Israel Hayom’s Yoav Limor foresees a scenario whereby “troops will withdraw before Hamas has been defeated and before all the hostages have been freed—which are the operation’s two central objectives. On the other hand, prolonging the operation without Washington’s consent would mean a major crisis in relations with the Biden administration, which has given Israel complete and full diplomatic-military-economic support. Doing so,” Limor says, “would have far-reaching repercussions on Israel’s relations with Europe and the moderate Sunni states, and might end up producing motions to impose sanctions against Israel in international theatres.” Limor also sees tension between Israel and the US on the question of Hezbollah. “It is clear to Israel,” he says, “that there can be no return to normal in northern Israel and that the residents will not be able to return to their homes unless Hizbullah is first repelled from the border fence. The preferred way to achieve that is by means of an agreement, but the chances of that are very slim despite the efforts being made by the American envoy, Amos Hochstein. Israel is cooperating with this effort, among other reasons, in order to gain international legitimacy that will enable it to use force if that becomes necessary, but Jerusalem also remembers Biden’s explicit warning that he succinctly put in one word—don’t—in which he called on both sides to refrain from war.”

Haaretz features Prime Minister Netanyahu speaking with Russian President Putin on Sunday and expressing his anger at “anti-Israel positions” taken by Moscow’s envoys at the UN. Netanyahu also voiced “robust disapproval” of Russia’s “dangerous” cooperation with Iran. “Over the past weeks,” writes the paper, “Putin has been devoting a substantial amount of attention to the Middle East. Last week, he visited the United Arab Emirates and Saudi Arabia, the first visit that exceeds the Russian border since the international warrant against him issued by The Hague’s Criminal Court. He then hosted the crown prince of Oman and the Iranian Prime Minister Ibrahim Raisi,” while “at the end of October, a Hamas delegation led by the deputy head of the terror organization’s political bureau, Moussa Abu Marzouk, was hosted in Moscow.

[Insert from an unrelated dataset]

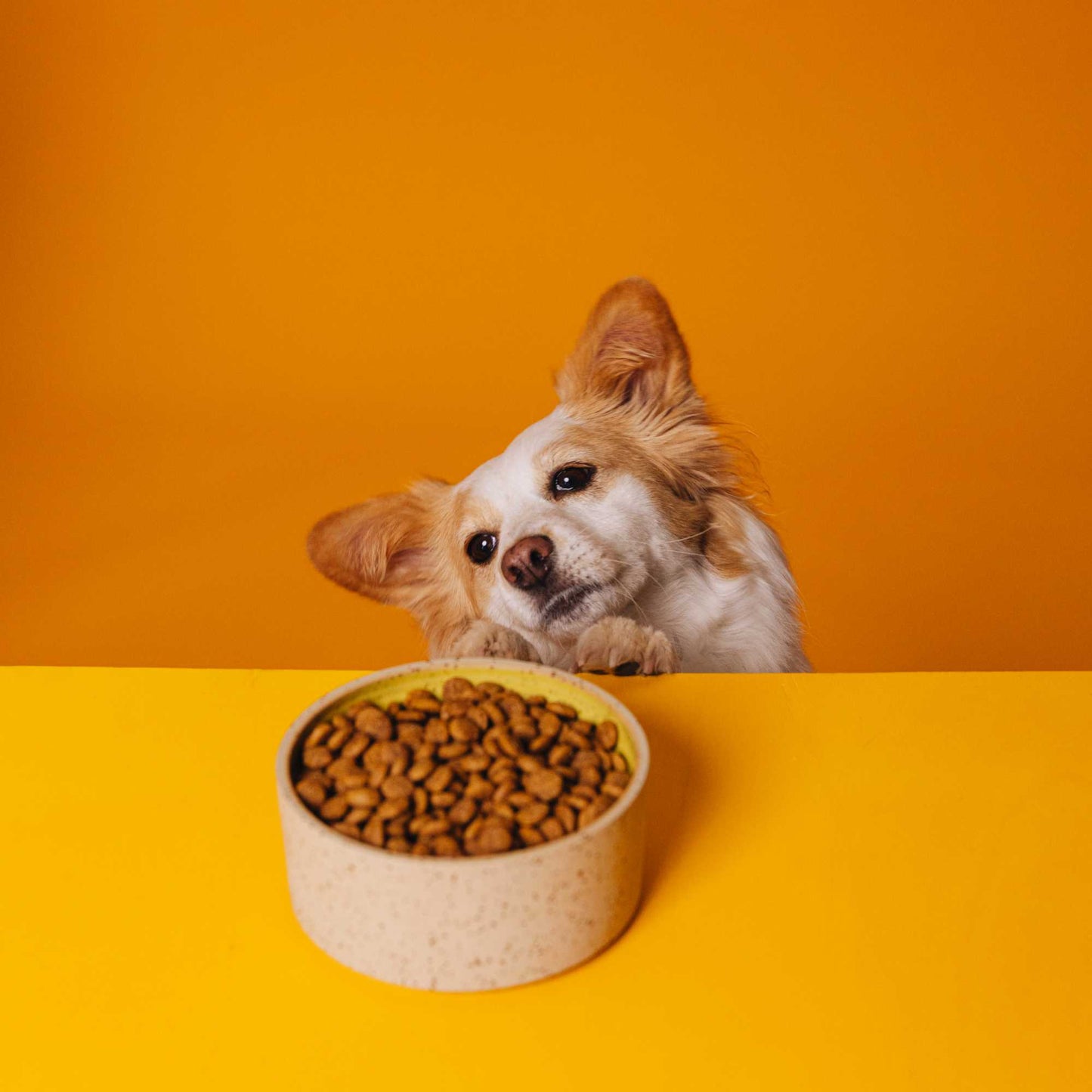 SIMPLY CRUNCH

Russia defended its decision to host the delegation, saying it was necessary to maintain contacts with all sides in the Israel-Palestinian conflict.”

Ynet includes the Mossad confirming that it cooperated with Cypriot authorities in thwarting an Iranian terrorist cell that planned to carry out attacks against Israeli and Jewish targets in Cyprus in recent days. “Thanks to the anti-terrorist activity and the arrest of the cell by the security services in Cyprus,” it said, “a lot of information was received that led to the exposure of the threats, the methods of operation, the targets of the attack and the Iranian plan to cause the killing of innocents in Cyprus and in other arenas.” Two Iranians are thought to have been apprehended, with Iran having a history of using Turkish northern Cyprus to enable assets to move into the southern part of the island to attempt attacks against Israeli and Jewish targets.

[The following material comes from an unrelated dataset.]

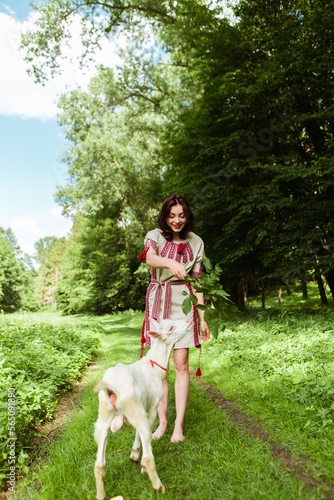 Woman dressed traditional fashionable ukrainian embroidery vyshyvanka dress shirt ethnic costume cloth feeding goat with leaves grass in the forest village. Ukrainian culture
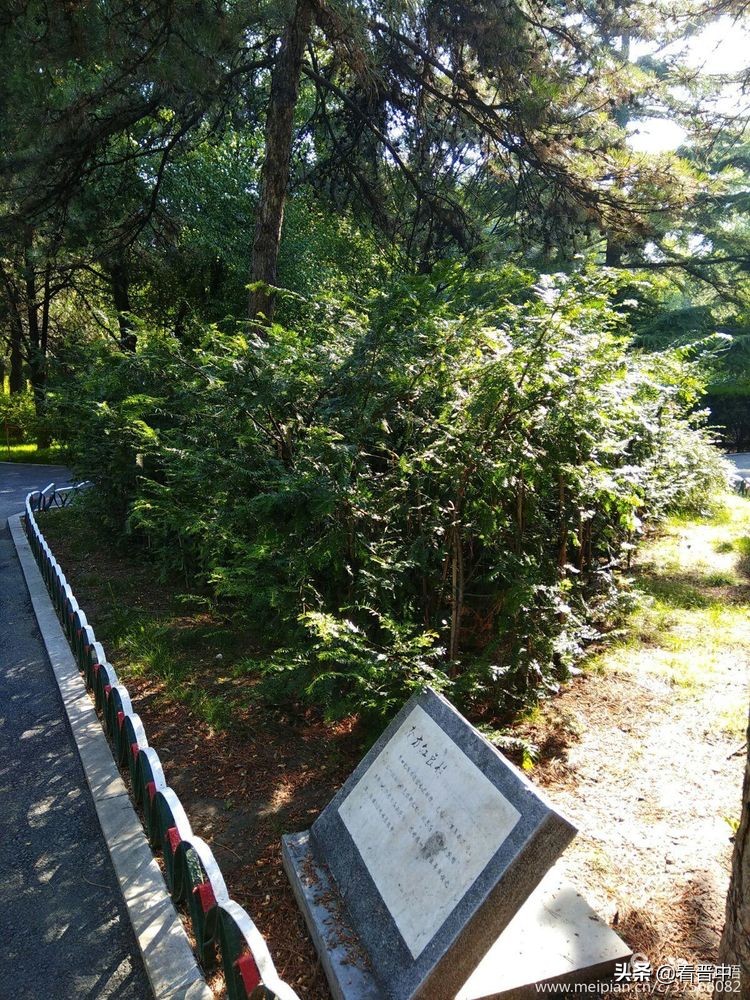 山西农大美丽的校园,山西农大校园风光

In Yediot Ahronot, Itamar Eichner and Gad Lior report the US sending a multinational maritime force to the region to help combat the threat from the Yemeni Houthis, who have launched a series of attacks against both Israel and US targets since October 7th. The US move came after the Houthis announced their intention to stop any ship en route to Israel via the Red Sea, tantamount to declaring a maritime blockade on Israel.

Ynet reports Israel’s Foreign Minister Eli Cohen meeting with Argentina’s controversial new President Javier Milei ahead of his inauguration yesterday. Milei also met with dual national Israeli-Argentinians with relatives taken hostage by Hamas, including members of the Bibas family. He promised Argentina’s “absolute solidarity with the people of Israel following the acts of terror perpetrated by the Hamas terrorist organisation. We strongly condemn them. I support Israel’s full right to defend itself against those terrorist attacks. In addition, we are examining the possibility of declaring Hamas a terrorist organisation in Argentina.”